Senzatela goes the full 9 in stifling A's
DENVER -- Modern thinking treats pitching as an individual sport. If you pitch well, but bad things happen beyond your control, don’t worry.
Antonio Senzatela had been through enough starts like that -- and had seen too many starts like that push the Rockies below the eight-team playoff threshold.
So he controlled everything Tuesday night, firing the Rockies’ first complete game of the season and the first of his career in a 3-1 victory over the Athletics at Coors Field. It was his third time going at least seven innings in 2020, but the Rockies had split the previous two, and Senzatela had nothing on his record.
And there was one more self-motivating factor: Tuesday was the third birthday for his son, Thiago.
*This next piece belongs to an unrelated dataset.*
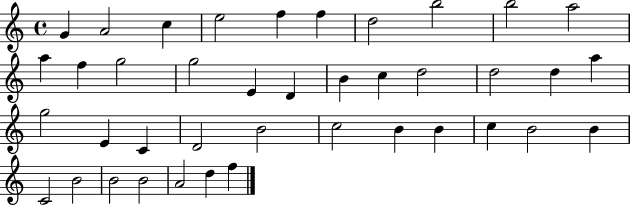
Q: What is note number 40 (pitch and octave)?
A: F5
No one was going to take the ball from him before he was done.
“In the eighth inning, Buddy [Black] talked to me,” Senzatela said of his manager. “‘How you feel?’ he said. I said I feel really good. I feel better now than at the start of the game.
“He said, ‘Be honest with me.’ I said, ‘I’m good; let me finish.’”
Elias Díaz, whose fifth-inning homer was the first by a Rockies catcher this season, said, “If the manager tried to take him out of the game, I was going to say no.”
Senzatela forced 14 groundouts and finished at 109 pitches. He struck out the next-to-last hitter, Mark Canha, with a 96.7 mph fastball and enticed Jake Lamb to ground a 95.8 mph heater to end it.
The first two hitters of the first and second innings reached base, but Senzatela escaped with one run and few pitches spent.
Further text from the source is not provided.